Dr. Grant Burrier, associate professor of teaching in The Global School, and Sarah Saeed ‘25, a civil engineering major, are the authors of a new published article titled “Beyond Transportation, Panama's Diablos Rojos Are Treasured Rolling Artwork.” Their article, published on, discusses the cultural significance of Panama City’s iconic heritage bus system, the Diablos Rojos, and the threat they face as the country pushes towards modernity.
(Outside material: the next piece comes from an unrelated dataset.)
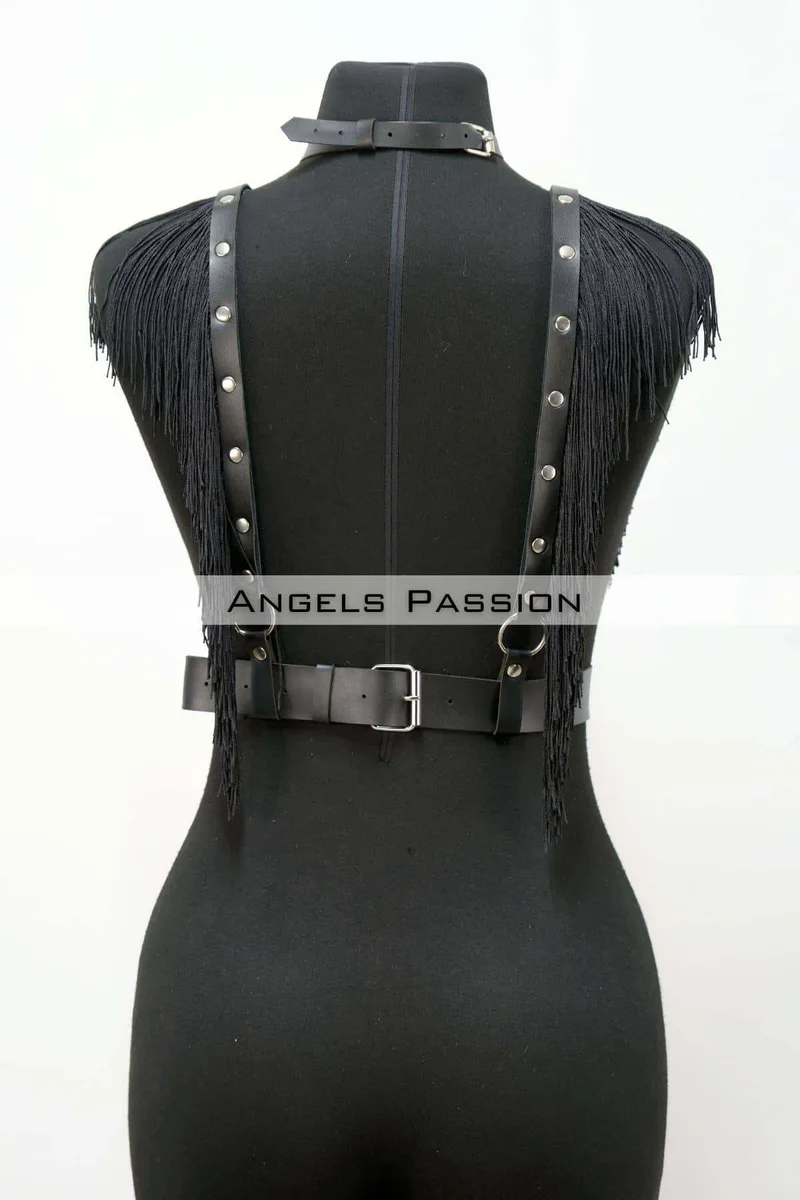 Fringe Leather Chest Harness - Adjustable Body Accessory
Diablos Rojos are old American school buses that individual drivers purchase, intricately decorate, and convert into private transportation for Panamanian communities.

Dr. Burrier and Saeed, along with a team of four other third-year students [Leah Kolb (architectural engineering), Anna Callaghan (biomedical engineering), Sam Ollari (computer science), and Micah Vargas (computer science and interactive media and game design)] traveled to Panama last fall to complete their Interactive Qualifying Project (IQP) “Diablos Rojos: A Window into Panamanian Identity.”
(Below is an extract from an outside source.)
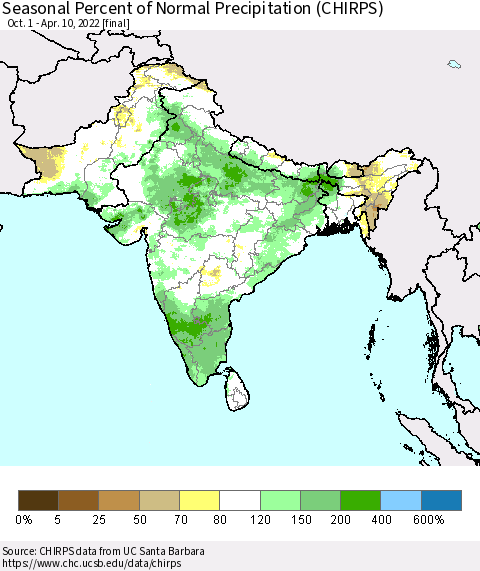 Southern Asia Seasonal Percent of Normal Precipitation (CHIRPS) Thematic Map For 10/1/2021 - 4/10/2022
They collected stories, photographs, video, and ethnographic notes from the communities surrounding Diablos Rojos. They also interviewed Dr. Peter Szok, author of Wolf Tracks: Popular Art and Re-Africanization in Twentieth-Century Panama and Dr. Aarti Madan, Associate Professor of Spanish & International Studies in the Department of Humanities & Arts. The primary mode of research involved speaking to bus drivers, artists, mechanics, and passengers to understand how these buses grew out of a subaltern population of non-mestizo Panamanians: largely Afro-Panamanians and the working class.

The research conducted for this project prioritized cultural sensitivity, as the team tried to focus on amplifying Panamanian stories rather than projecting assumptions and biases onto their work. This project would not have been possible without the amazing Diablo community members who were willing to share their stories.

After completing the IQP and returning from Panama, Dr. Burrier and Saeed continued to explore the relevance of Diablos Rojos as upcoming elections further threaten the existence of these buses. As bus artist Piri put it, Panama without Diablos Rojos would be “like a garden without roses. A sky without stars.”